Once they finally took the field on Thursday, the Ospreys made the most of their reappearance in the championship, defeating Lipscomb 6-1 in their first game back since 2010. North Florida returns to the championship in the midst of its best season since 2006, when the Ospreys finished second in the A-Sun with a 20-10 record in A-Sun play and a 34-21 mark overall.

The game was the first A-Sun Championship contest under Head Coach Raymond “Smoke” Laval, who took over from the program’s chief architect, Dusty Rhodes. Under Laval’s leadership, UNF is 97-68 in three years and the Ospreys make an impressive return to the A-Sun Championship.

Laval inherited a program built for success, and brought with him his own impressive coaching resume. Laval went 241-159 with three NCAA regional appearances in his first head coaching job at Louisiana-Monroe. Then in 2002, Laval took over at LSU, where he led the Tigers to two College World Series berths, two top-10 finishes and a 210-109-1 record.

Now he continues to build upon the rich history of success created from scratch by his predecessor Rhodes more than a quarter century ago.

The namesake of North Florida’s home field, Rhodes began UNF’s program from scratch at the NAIA level in 1988. He took the opportunity and built it into a national powerhouse en route to becoming one of the most successful coaches in college baseball history.

With more than 1,100 wins to his credit, he is definitely among a prestigious group of coaching legends. He led UNF to 16 postseason appearances, including five trips to the College World Series (two in NAIA and three in NCAA Division II). In January of 2009, he was chosen by his peers to be inducted into the American Baseball Coaches Association Hall of Fame.

In 2005, Rhodes finished as the national runner-up in the Division II College World Series, falling in the championship game. In his other four World Series appearances, Rhodes led the Ospreys to third-place finishes out of eight participating teams.

He has also pushed the Ospreys to six conference championships, seven No. 1 rankings (three in NAIA and four in Division II) and has coached 22 All-Americans while compiling an 879-420 record at UNF and an overall mark of 1,182-538 in 30 seasons as a collegiate head coach.

After an extraordinary NCAA Division II resume, Rhodes upped the ante and continued to grow the program into a rising star and giant killer in Division I. From the time the Ospreys began playing in Division I in March of 2006, under Rhodes they recorded nine victories over ranked teams, including a 4-3 record against in-state rival and SEC power Florida.

In 2008, Rhodes led the Ospreys to wins over No. 6 Florida State, No. 13 Miami and No. 23 Florida, marking the first time in school history that UNF recorded wins over all three state schools in the same season.

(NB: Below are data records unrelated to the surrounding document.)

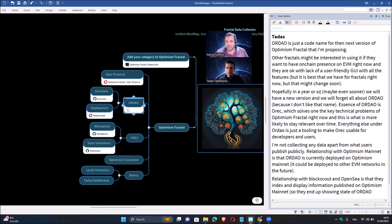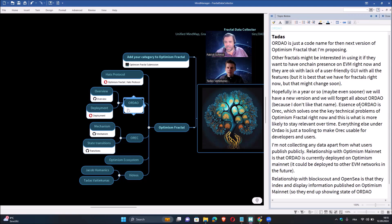In one year or so, maybe even sooner, we will have a new version and we will forget about the ORDAO codename - it's just for GitHub and source code. ORDAO stands for Optimism, Base, Respect, DAO. The essence of ORDAO is the OREC, which is the key component. OREC solves the key technical problem of Optimism Fractal right now, and everything else under ORDAO is just tooling to make OREC usable for developers and users.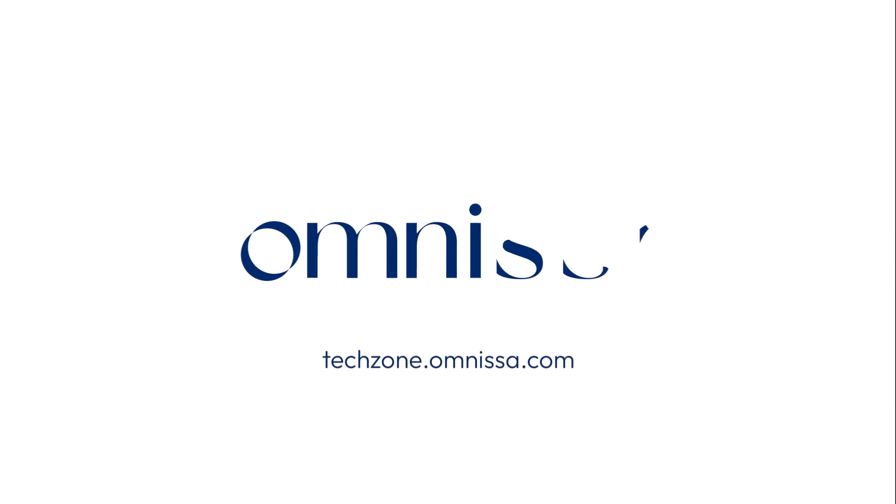For more Horizon Cloud technical resources, be sure to visit techzone.com. Thank you.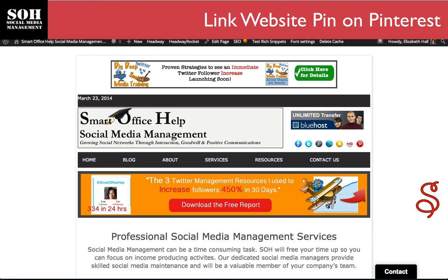It's your extraordinary social media manager Elizabeth Hall here with you today, and I want to show you how to make sure that you don't miss the most important thing that needs to be done on Pinterest — and that's to link your pin back to your website. I'm going to show you two ways that you can do this.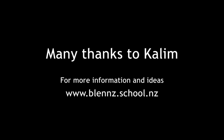Many thanks to Kalem. For more information and ideas, contact blends.school.nz.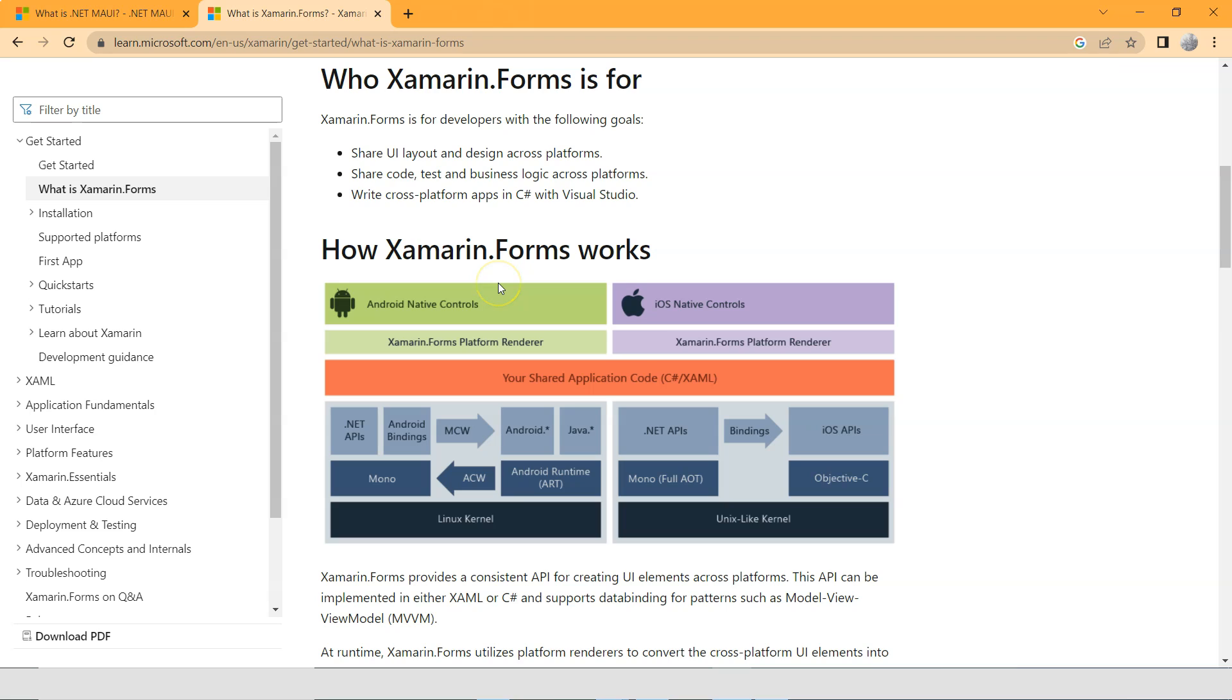There's going to be one project for Android and then another project for iOS. And there could be other projects for Windows phones, UWPs. But Xamarin.Forms also has a shared code base here.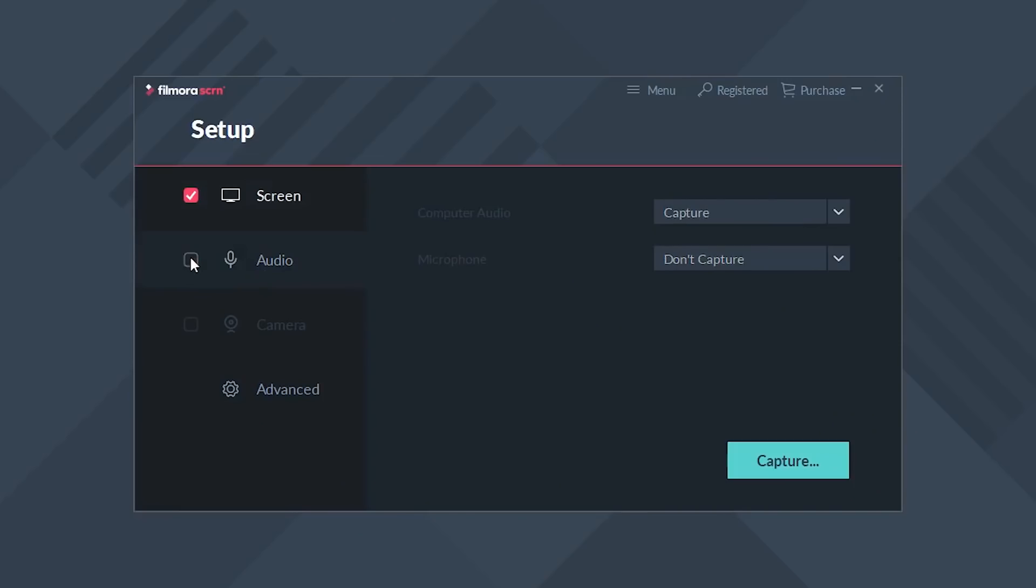Now for the screen settings, there's only two you have to worry about. You can choose what area of your screen you want to record and the frame rate. For the screen capture, I'm going to pick full screen, but you do have the option to set a custom area. So if you only want to record half your screen or a certain portion, you can do that as well.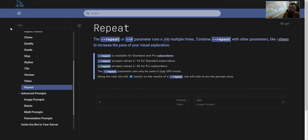In this video, we're going to go over the use of the repeat parameter for Midjourney. I'm going to show you how that works. It's pretty simple.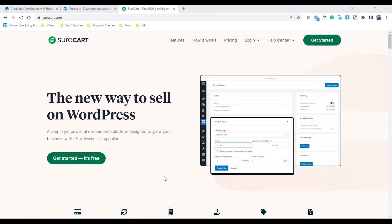SureCart is a brand new way to sell your LearnDash courses. Previously, LearnDash users were using PayPal, Stripe, or WooCommerce, which had a complete monopoly over LearnDash.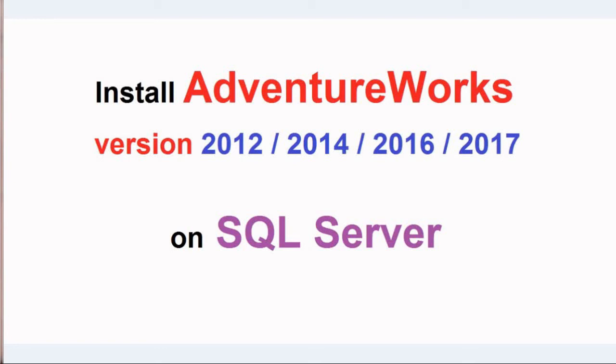Hello and welcome to PyDemy. In this video, you are going to learn how to install AdventureWorks version 2012, 2014, 2016, or 2017 on SQL Server.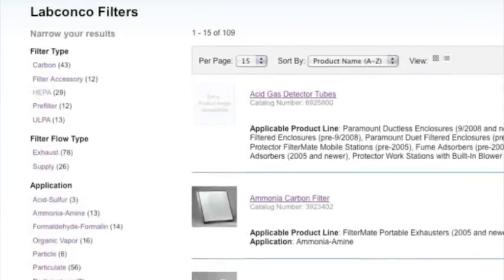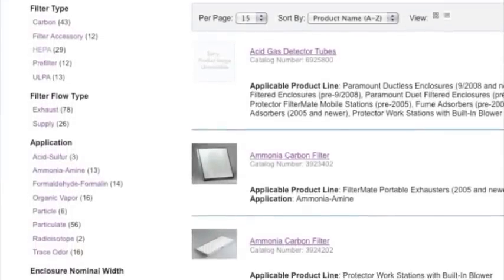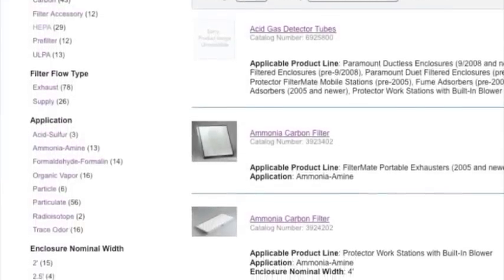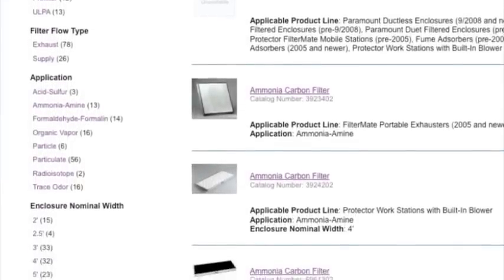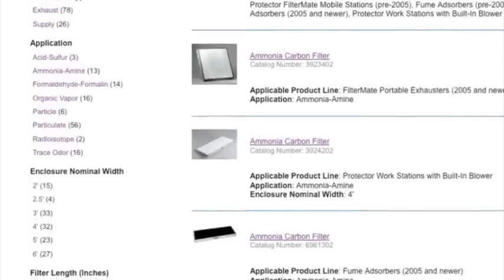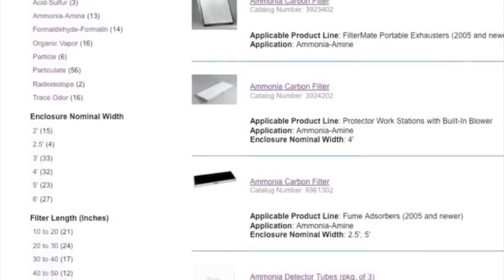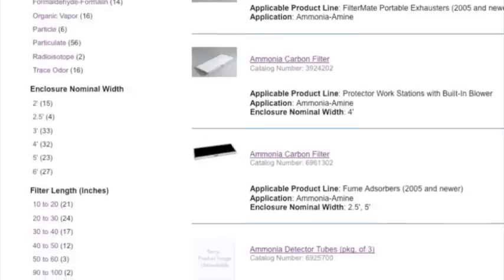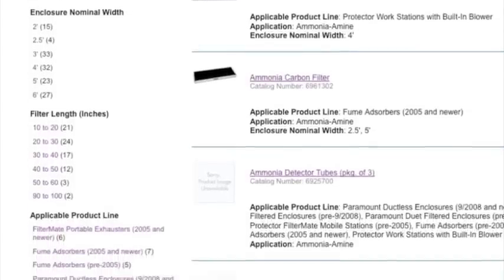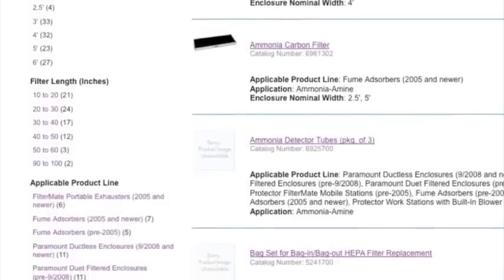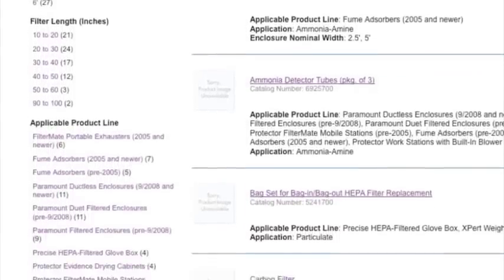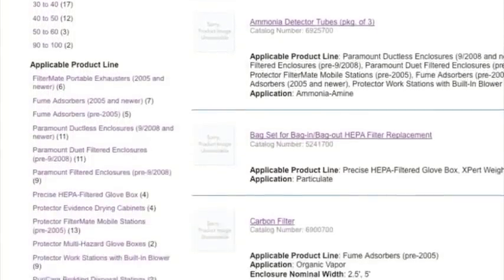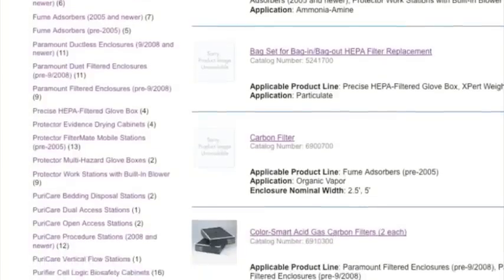The LabConco filter wizard offers six sets of searchable criteria located in the left-hand column on the page. These criteria include filter type, filter flow type, application, enclosure nominal width, filter length, and applicable product line.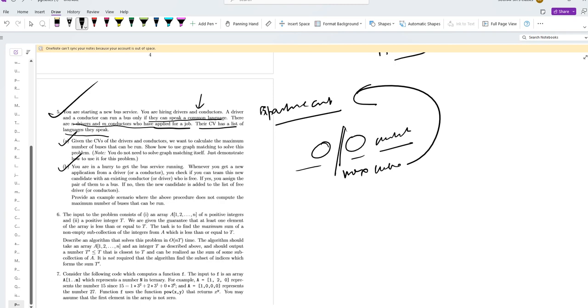Second part is, how do you keep the service running? Whenever you get a new application from a driver, you check if you can pair them with a conductor. If not, provide an example of this scenario.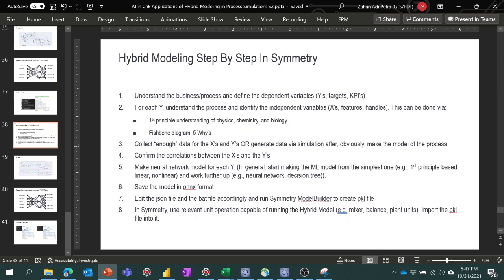Once we get the data, we confirm our understanding of the X's and Y's, then do simple statistical analysis on the correlations — whether linear, non-linear, or something else. If some simulations don't converge, we remove them — a bit of data cleaning. After that, we make a model, starting from the simplest: first-principle-based linear or non-linear, then working up to more difficult ones like neural networks or decision trees. In Symmetry's case, we use a neural network model.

In his illustrious career, Rhodes was honored as a conference or district coach of the year eight times. In the Peach Belt Conference, he earned coach of the year honors in 1999, 2000, 2001, 2004 and 2005. When the Ospreys played in District 25 in NAIA, he was named coach of the year in 1988, 1989, 1990 and 1992.

He also earned his region’s coach of the year honor in 2000, 2001 and 2005, after leading UNF to the Division II World Series each year. In 1989 and 1991, he was tabbed the Rawlings NAIA Area V Coach of the Year.

Armed with the program’s rich history of success and led by the play of seven All-Conference selections and a veteran coaching staff, the Ospreys check in as the No. 3 seed and with national relevance. It is no accident that UNF is ranked among the Top 30 teams in the nation in 14 statistical categories, along with another 14 Ospreys ranked in the Top 50 statistically as well.

UNF is now 13-9 against the championship field, and is now a winner of four of its last five games. The Ospreys’ effort in their win against Lipscomb seems to indicate that they are ready to make their 1-2 record in the 2010 A-Sun Championship little more than a piece of its impressive history and a distant memory.